*Data*
•••••

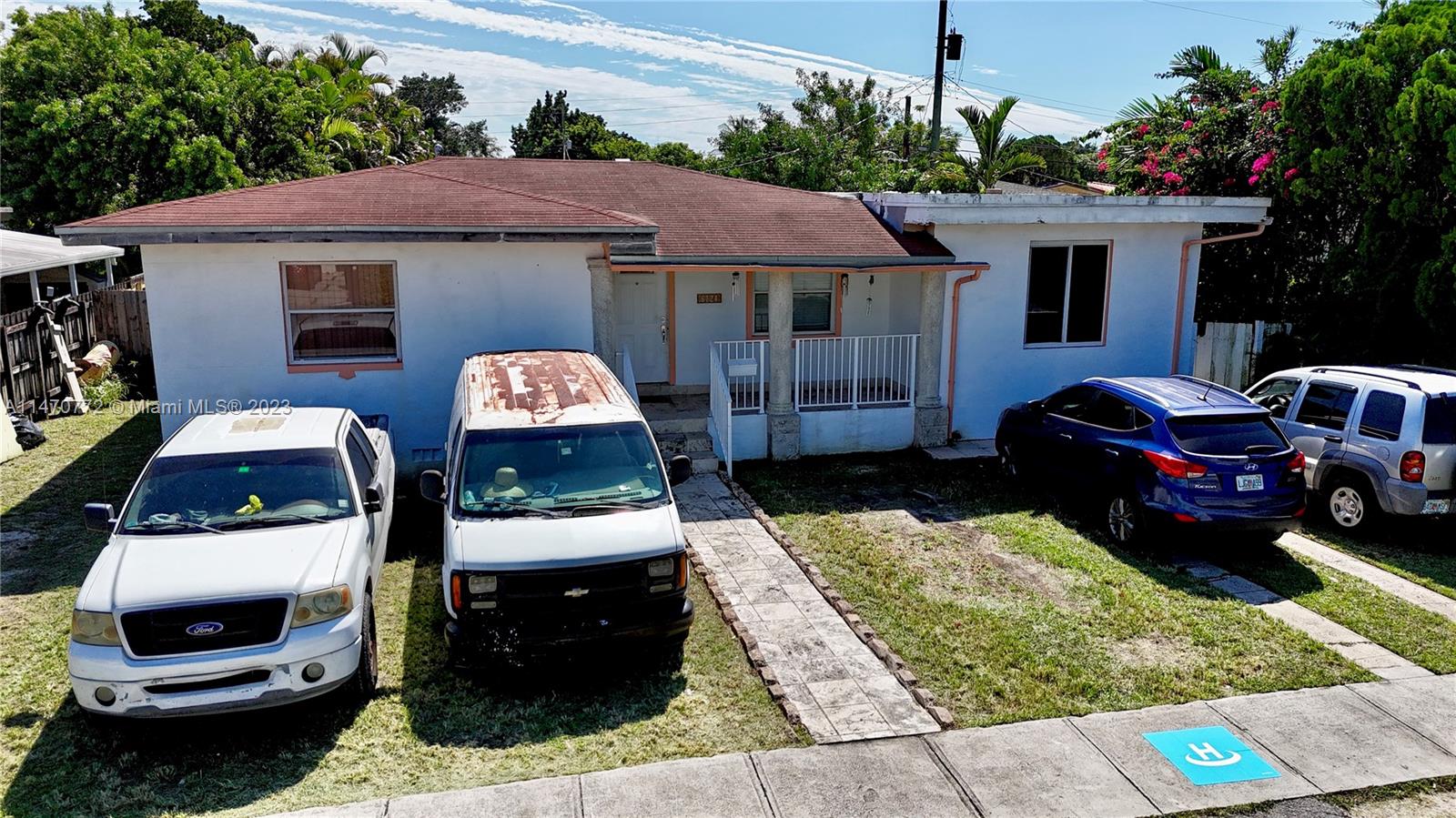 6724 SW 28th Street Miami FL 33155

•••••

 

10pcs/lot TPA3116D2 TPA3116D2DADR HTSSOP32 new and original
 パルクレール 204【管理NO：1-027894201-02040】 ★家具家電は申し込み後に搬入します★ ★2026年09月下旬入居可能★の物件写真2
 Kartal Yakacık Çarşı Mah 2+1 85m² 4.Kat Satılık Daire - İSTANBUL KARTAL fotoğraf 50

•••••

*Goal of the exercise*
In the listing above, locate the line with "パルクレール 204【管理NO：1-027894201-02040】 ★家具家電は申し込み後に搬入します★" and the line with "Kartal Yakacık Çarşı", then extract exactly those lines and every line between them, and nothing more.

*Exercise result*
 パルクレール 204【管理NO：1-027894201-02040】 ★家具家電は申し込み後に搬入します★ ★2026年09月下旬入居可能★の物件写真2
 Kartal Yakacık Çarşı Mah 2+1 85m² 4.Kat Satılık Daire - İSTANBUL KARTAL fotoğraf 50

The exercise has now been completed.